Which is not to say all such claims lack merit. It just seems quite a coincidence that so many have arisen so soon after Mr Trump lifted the tactic´s profile. The most recent to join the trend is the South African government which on May 1st announced a steel import safeguard duty of 13% on hot rolled coil and plate. In mid-April, India had imposed a provisional 12% safeguard duty on alloy and non-alloy steel flat products for 200 days in an effort to curb cheaper imports. But by the end of April, the JSW Steel CEO, Jayant Acharya, had said it should be double that percentage! Acharya told S&P Global Commodity Insights that India’s relative disadvantage was “very clear” with steel tariffs from most of the world at 25% while India is at half of that amount. “The US has been having duties on India for the last 20 years, Europe has been for six years, so we need to look at what is good for India,” Acharya said.
Whether the measures are protectionism in its cynical form, or reasonable endeavours to preserve a resource, is open to debate. Irrespective, Australia is participating. During the election campaign, Anthony Albanese promised $1.2 billion towards a strategic critical minerals reserve in response to US reciprocal tariffs. Albanese said the Australian government would establish stockpiles of “certain key critical minerals produced under offtake agreements as required”. Australia is the world’s largest producer of lithium, bauxite and iron ore, and a top-five producer of cobalt, manganese ore, rare earths, rutile, tantalum and zircon. “To leverage our natural resources is in our national interest,” Mr Albanese said. “It will mean we can deal with trade and market disruptions from a position of strength because Australia will be able to call on an internationally significant quantity of resources in global demand”. Both the industry and the government have said they believe creating a critical minerals stockpile will provide confidence for Australia’s critical minerals sector to increase its investment while developing secure supply chains with key international partners. So, government subsidised. Or, would you call it, government incentivised?

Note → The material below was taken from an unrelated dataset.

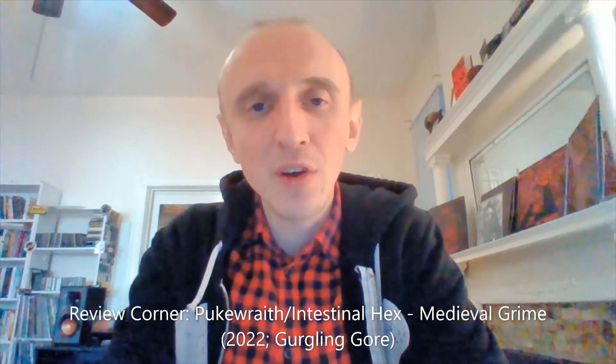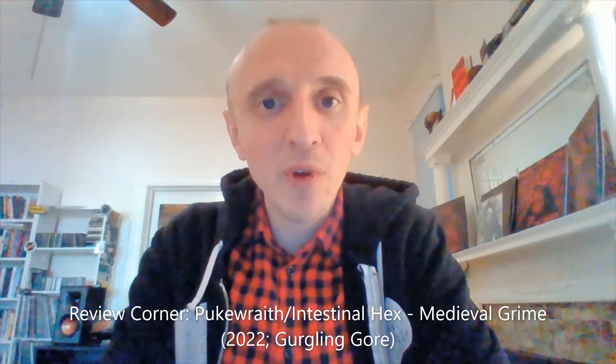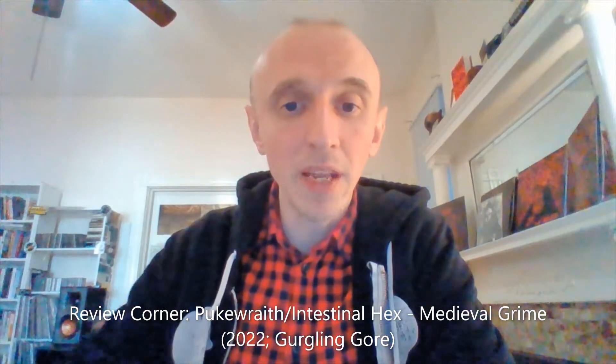Hello, this is Patrick and I am back with another edition of Heavy Therapy. That's the title of the video that you clicked on and are watching right now. This is a review of a brand new split EP from Puke Wraith and Intestinal Hex, and it is called Medieval Grime.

Speaking of having a “protect or perish” dilemma, British Steel is giving the UK government quite a headache. In March this year, British Steel´s owner, Jingye Group, said the company´s principal steel manufacturing plant at Scunthorpe was losing £700,000 a day and was no longer financially viable. In April, the government assumed control of Scunthorpe and its 2700 employees. So, what to do? Prop it up, or watch it perish? The steel industry has played a key role in Britain’s industrial heritage, but the sector has faced a dramatic decline in more recent times. The UK has gone from being the fifth-largest steel producer globally in the late 1960s to 26th place, with just four million metric tonnes of crude steel produced in the country last year. Recent data from the World Steel Association ranked the UK ninth for steel production in the EU in 2023, behind leaders Germany and Italy. Currently, British steel plants are operating well below their installed capacity, contributing to the overall decline in the UK manufacturing sector, which has dropped to 12th in global rankings, its lowest since 2012.
Gareth Stace is the director general of the industry body, UK Steel. In a recent interview with Platts, part of S&P Global Commodity Insights, he attributed the decline in the local steel industry to a lack of investment and a failure to adapt to changing global markets. “China was seen as a great market for exports, but it quickly transitioned from being an importer to self-sufficiency and then into an exporter,” he said. Overproduction of steel by China has subsequently pushed down prices, exerting further pressure on mills in Europe, which face higher costs for raw materials, energy and labour. This dynamic has left UK producers struggling, with domestic production now meeting only 35% of demand.
As the UK government approaches the potential nationalisation of British Steel, Stace said he remains optimistic about the future of steelmaking in Britain; though he stressed a profitable and sustainable future would only evolve from a credible plan. The same advice could be given to the Australian government as it ponders how much money it might inject into saving the Whyalla Steelworks.